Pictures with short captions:
──────────

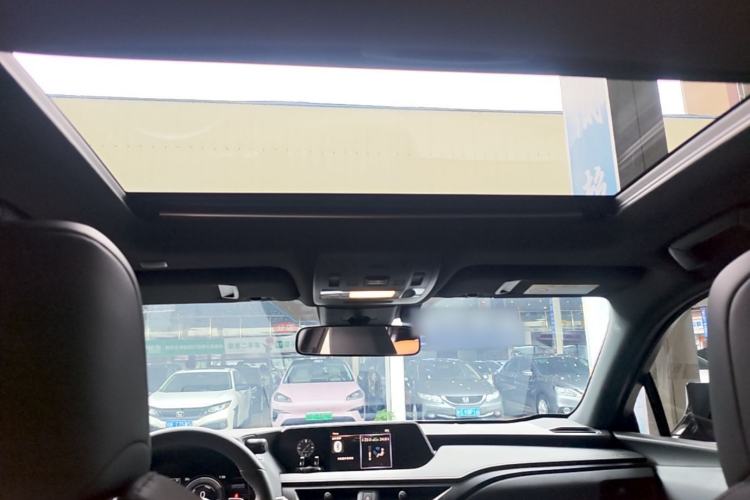 Used Lexus UX New Energy 2020 300e Pure·Joy Edition Headliner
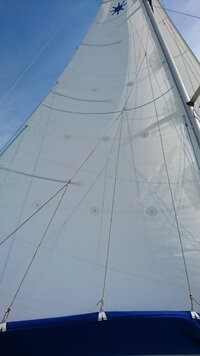 DSC_0559.JPG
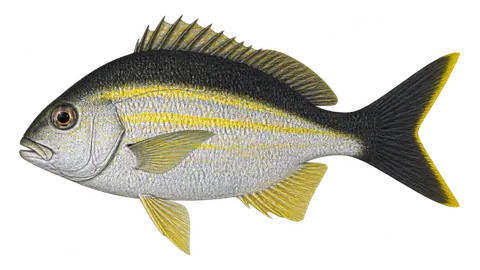 Ilustración de Mapurite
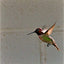 Wildlife Hummingbird in Flight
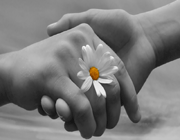 پیوند خویشاوندی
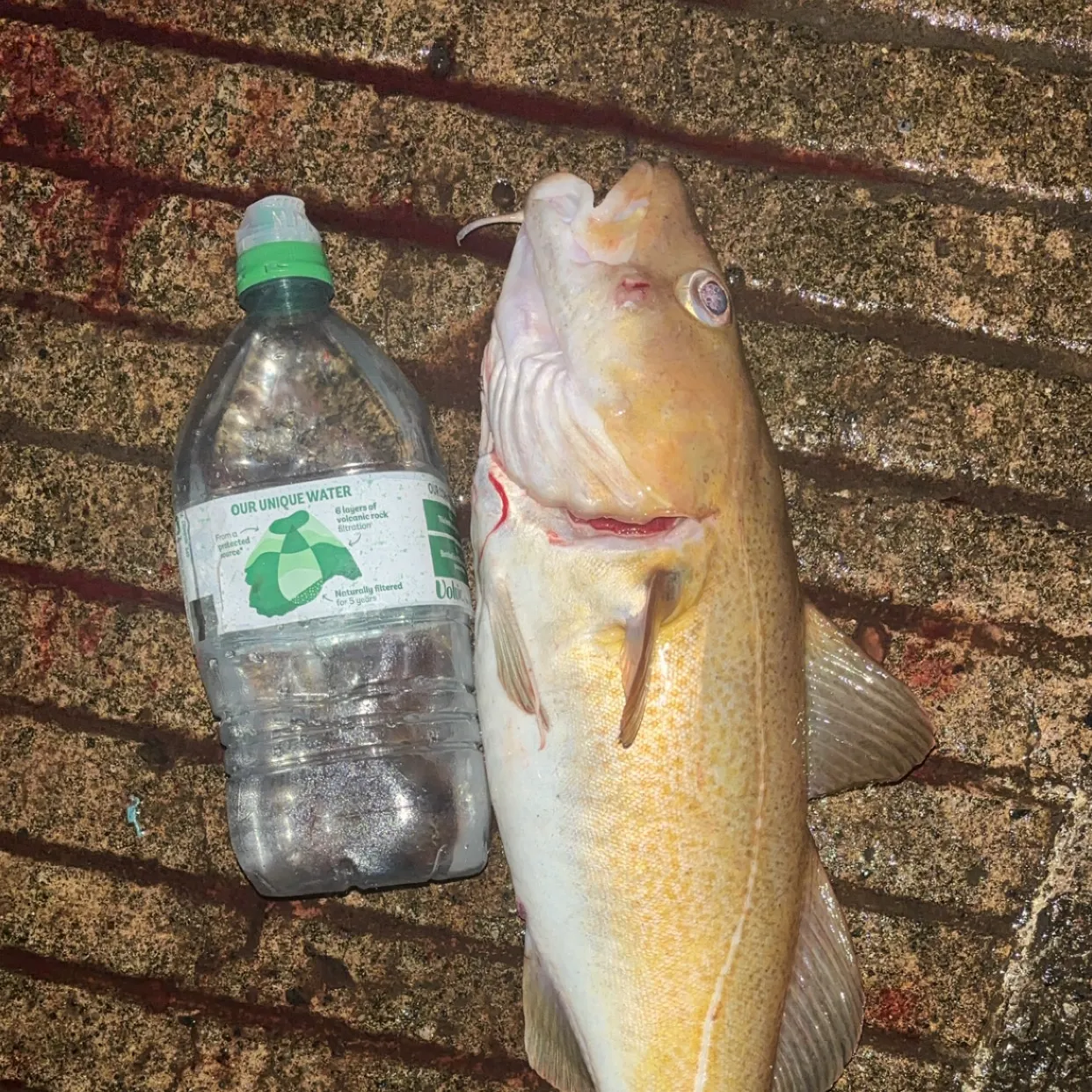 The most recent Atlantic cod catches on Fishbrain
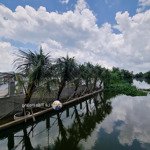 Cho thuê nhà vườn view sông làm homestay, nhà nghỉ, nhà hàng.. tại cần giuộc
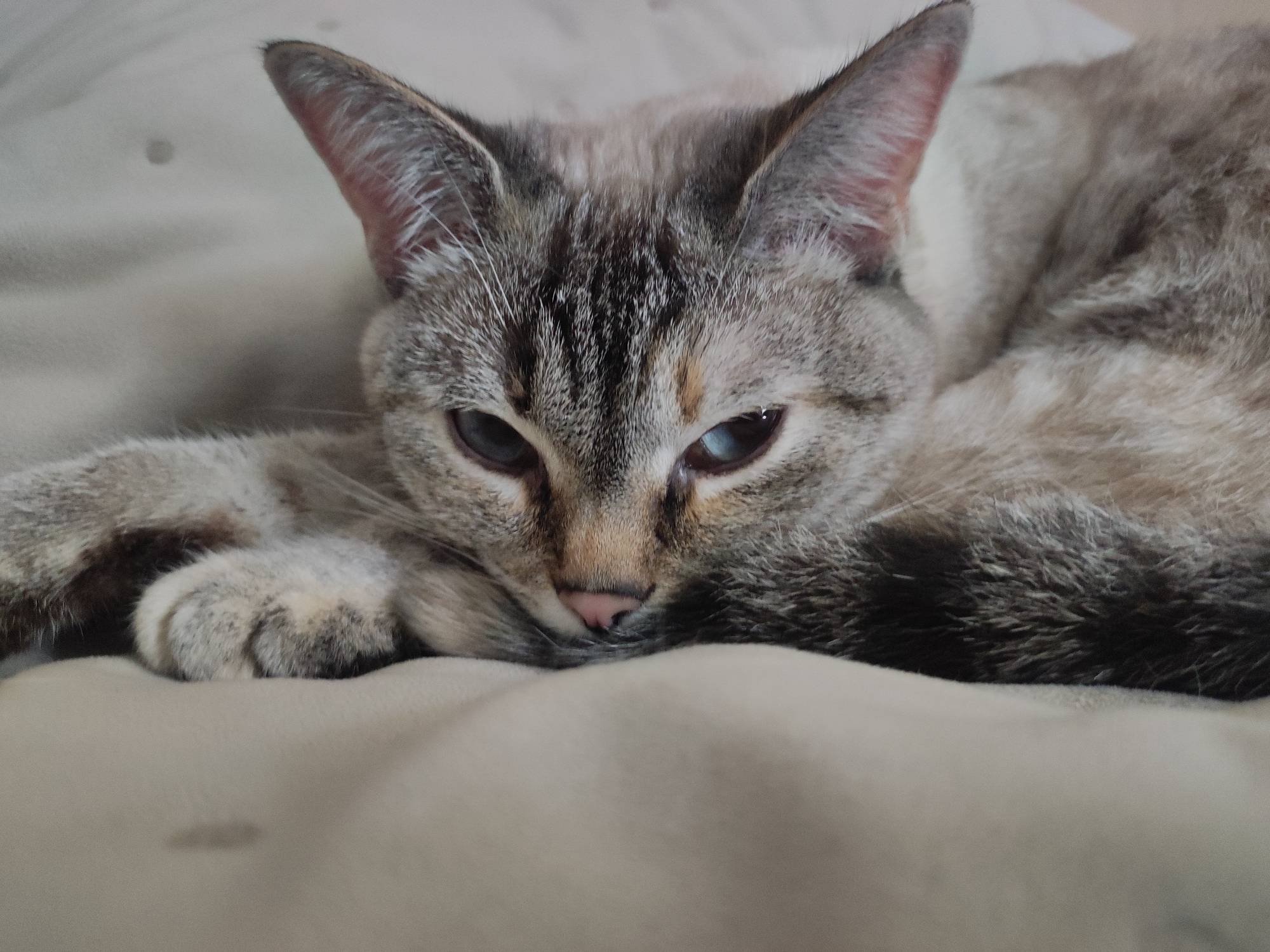 Lynx-point Siamese cat resting and grooming at home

──────────

Give back the records exactly, minus any pictures.

 Used Lexus UX New Energy 2020 300e Pure·Joy Edition Headliner
 DSC_0559.JPG
 Ilustración de Mapurite
 Wildlife Hummingbird in Flight
 پیوند خویشاوندی
 The most recent Atlantic cod catches on Fishbrain
 Cho thuê nhà vườn view sông làm homestay, nhà nghỉ, nhà hàng.. tại cần giuộc
 Lynx-point Siamese cat resting and grooming at home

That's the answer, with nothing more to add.